Payment form slide-in animation timing."
4. Feed to Healer:
"Fix payment-form.spec.ts. Flaky on WebKit , payment form
animation causes element-not-visible. Use Playwright MCP
to inspect WebKit and add the correct wait. No waitForTimeout."
5. Healer opens WebKit, finds the animation, adds
waitFor({ state: 'visible' }), reruns until stable, returns diff.
6. Review. Commit.
Without historical data the Healer guesses. With it, fixes target the actual root cause. More in fixing flaky tests with Playwright MCP.

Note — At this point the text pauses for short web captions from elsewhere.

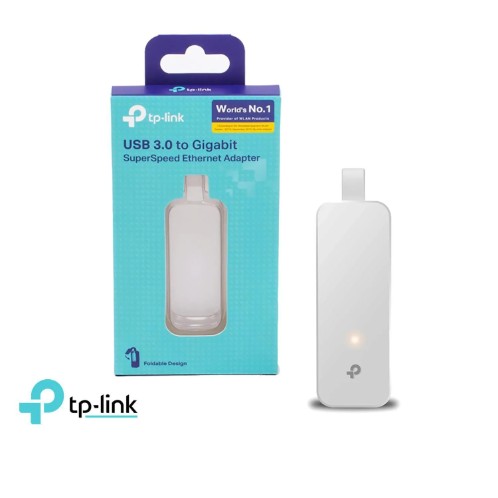 ADAPTADOR TP-LINK UE300 3.0 GIGABIT | UE300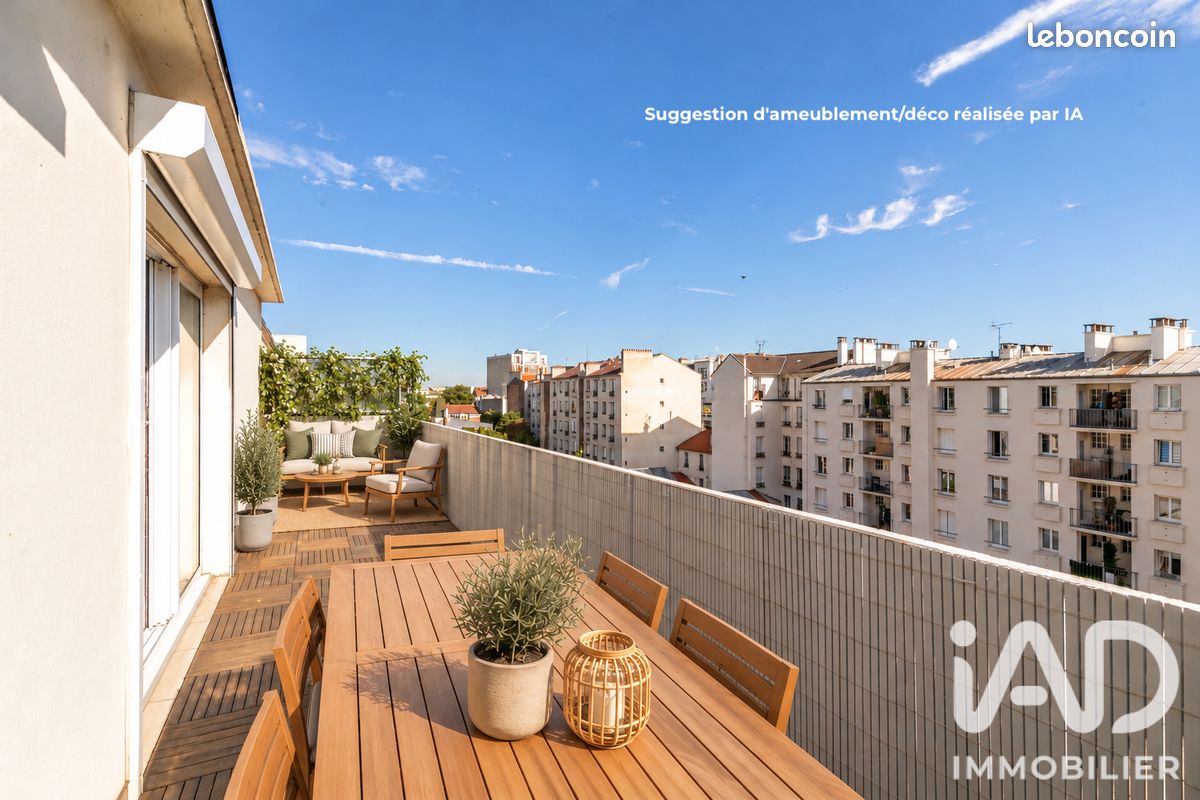 Appartement 2 pièces 50 m² · à Courbevoie · 50 m² · 399 999 €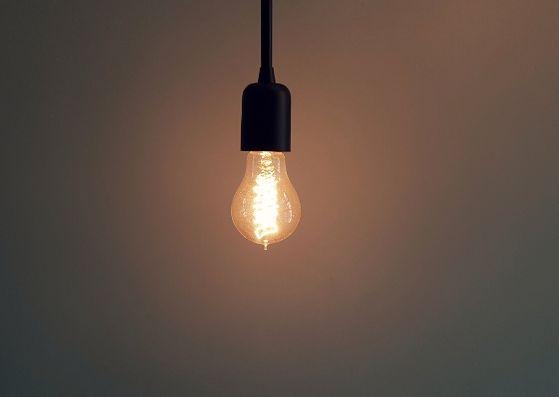 Energia elétrica... divulgação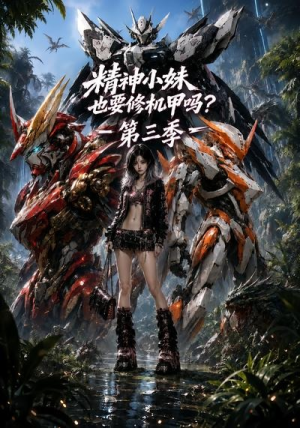 精神小妹也要修机甲吗第三季（142集）第三季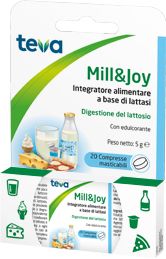 MILL&amp;JOY TEVA 20CPR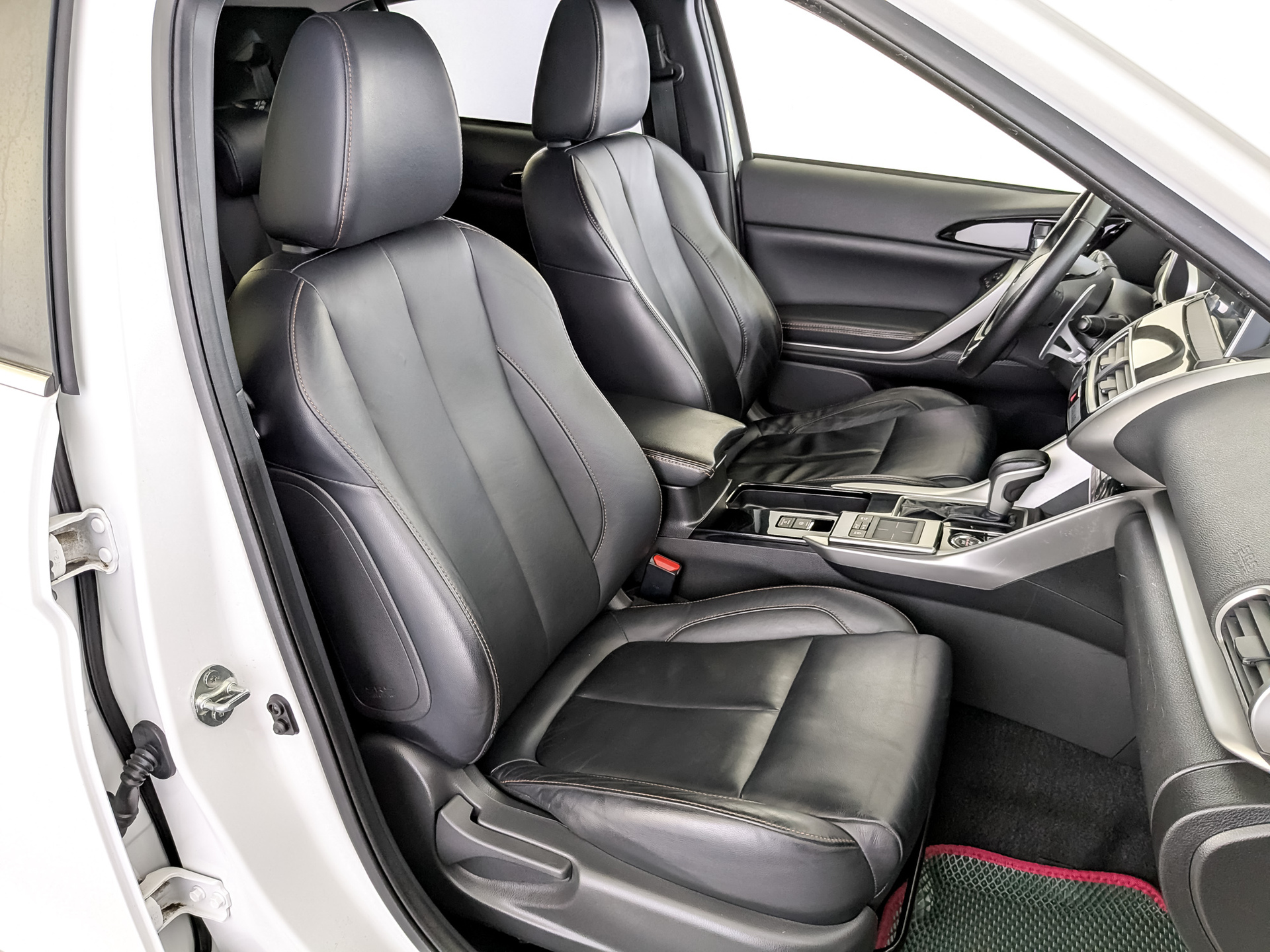 MITSUBISHI Eclipse Cross 1.50 (150 л.с), автомат, 2019, пробег 107 069 км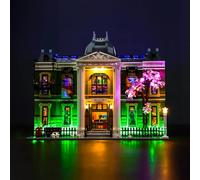 BrickBling Juego de luces LED para Lego 10326 Natural History Museum (no Lego), juego de iluminación decorativa para Lego Natural History Museum, juguete creativo - Versión estándar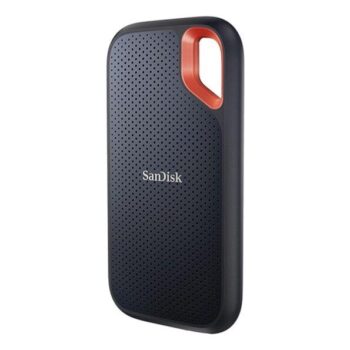 SanDisk E61 1TB Extreme Portable SSD 1050MB/s - ( Black ) - SanDisk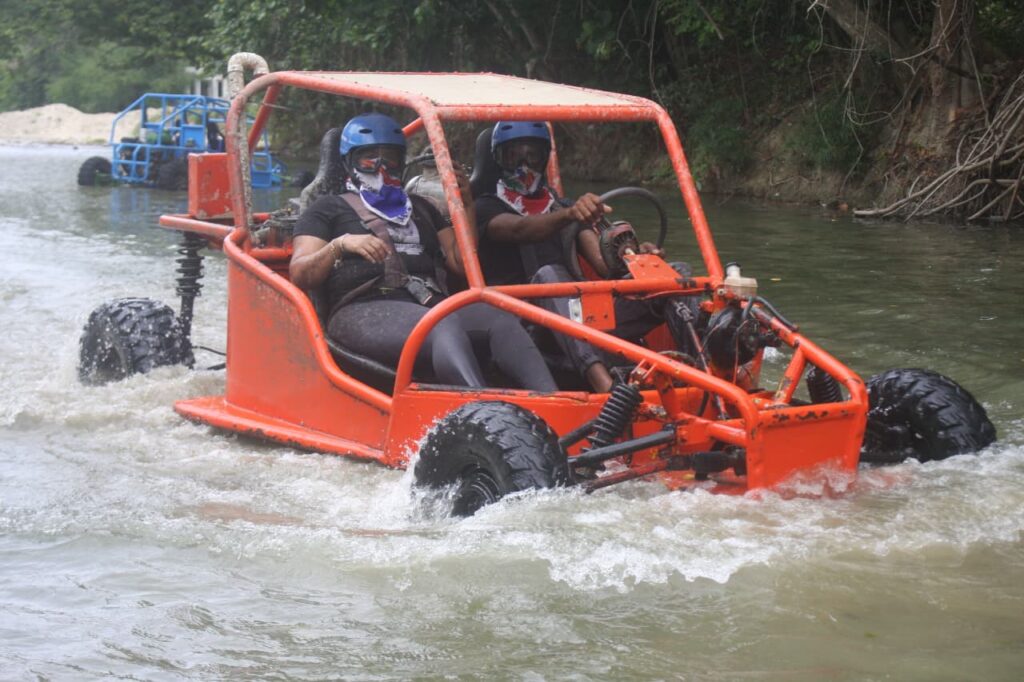 Aventura Todoterreno en Buggy 3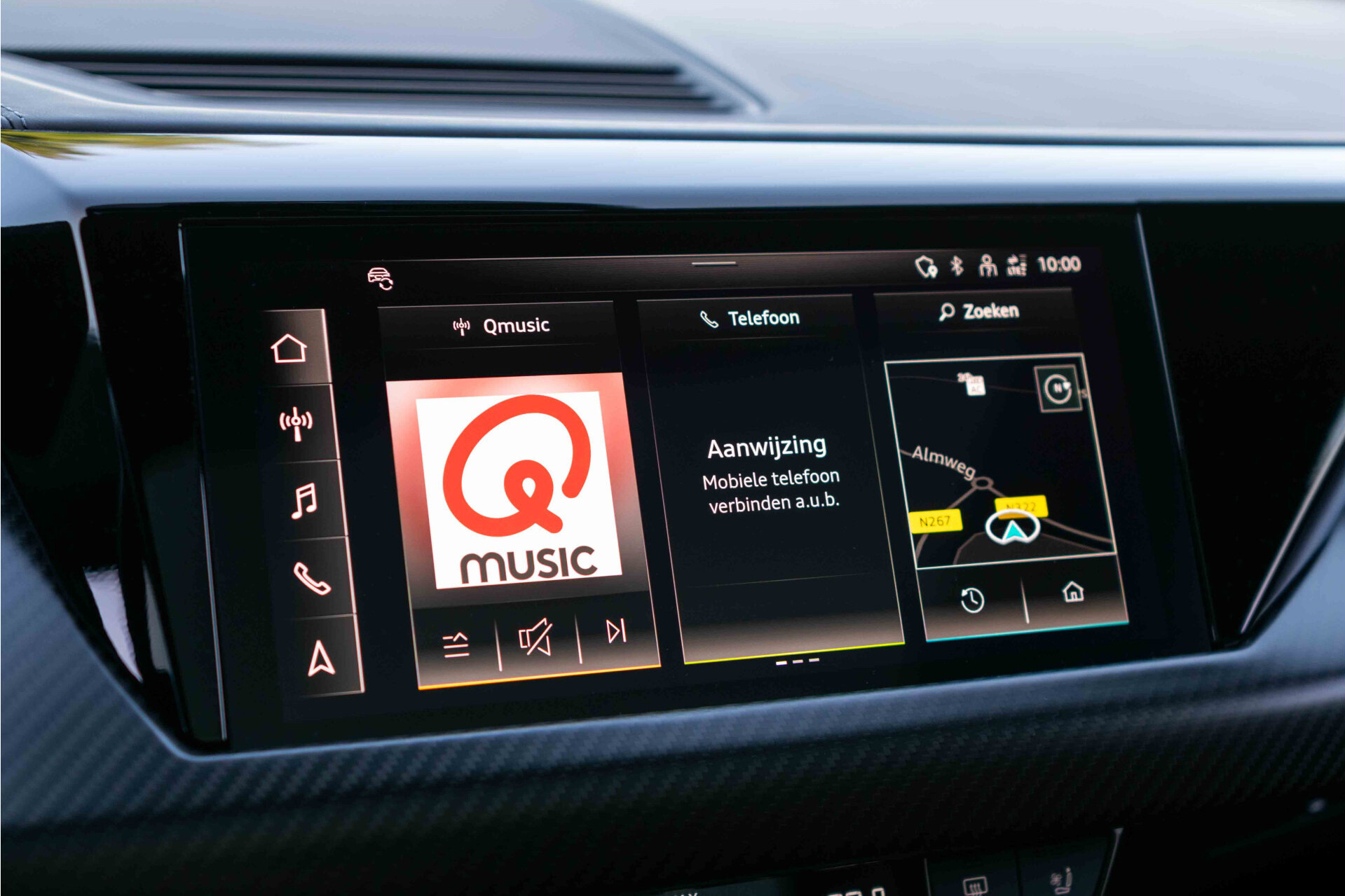 Audi e-tron GT RS 93 kWh 600 pk B&O | 21" | Carbid Brakes | Laser | HUD | Alcantara | Assistentie Plus | Standkachel/koeling Foto 17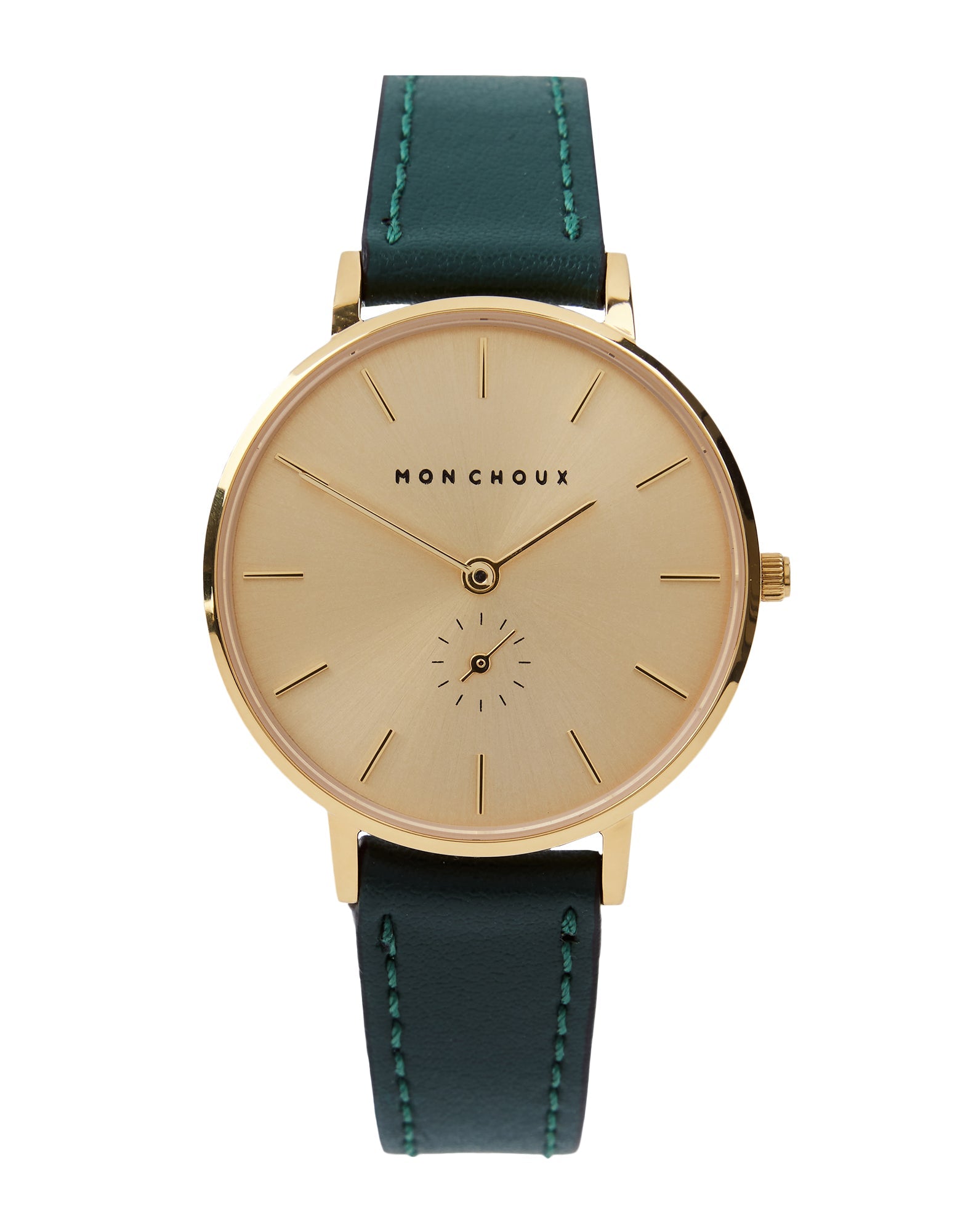 LILLE - GOLD TONE - VINE VEGAN LEATHER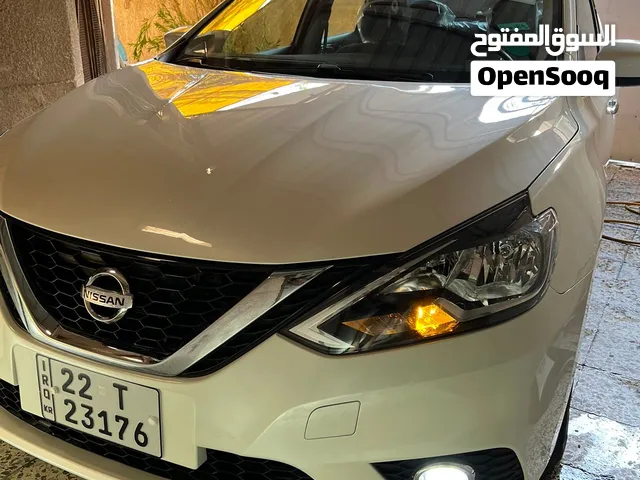 Used Nissan Sentra in Basra
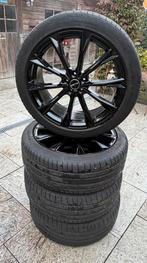 GMP Totale Velgen 21 inch met zomerbanden, Auto-onderdelen, Banden en Velgen, Ophalen, Velg(en), 265 mm, 21 inch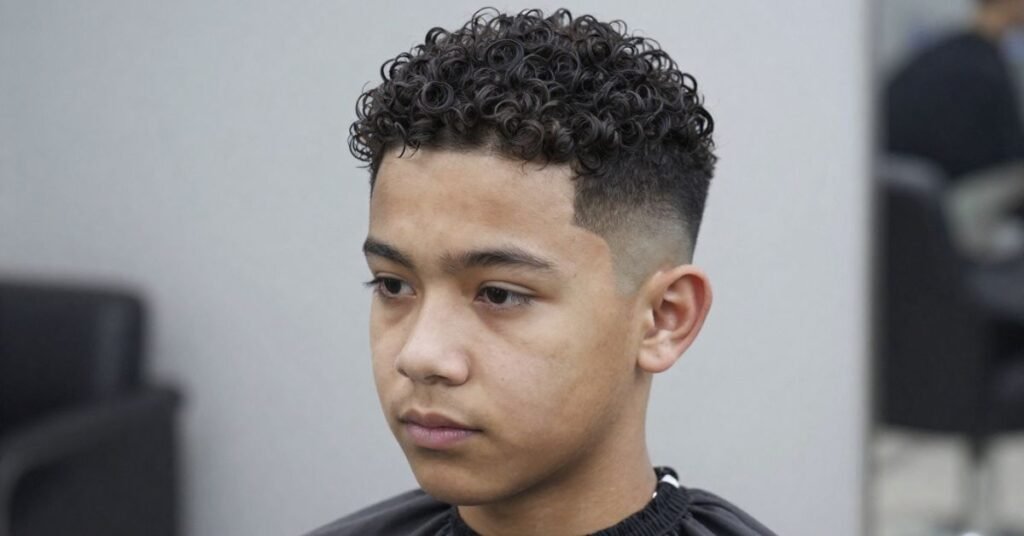 2026 Curly Mod Cut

Cursor vs Claude Code vs Copilot vs Windsurf
| Feature | Cursor | Claude Code | GitHub Copilot | Windsurf |
|---|---|---|---|---|
| Playwright MCP | Yes, native | Yes, deep per-agent | Yes, via VS Code | Yes, marketplace |
| Multi-model | Yes | Anthropic only | OpenAI primarily | Limited |
| Rules file | .cursorrules | CLAUDE.md | copilot-instructions.md | Cascade rules |
| Custom commands | .cursor/commands/ | Slash commands | Limited | Limited |
| Tab completion | Yes (Supermaven) | No | Yes | Yes |
| TestDino MCP | Yes | Yes | Via extension | Limited |
| Best for | Interactive IDE, debugging | Terminal, large refactors | Teams already on VS Code | Guided flows |
Claude Code with Playwright is stronger for terminal-driven workflows and large codebases. Copilot works if you're already in VS Code and don't need the MCP browser-control layer.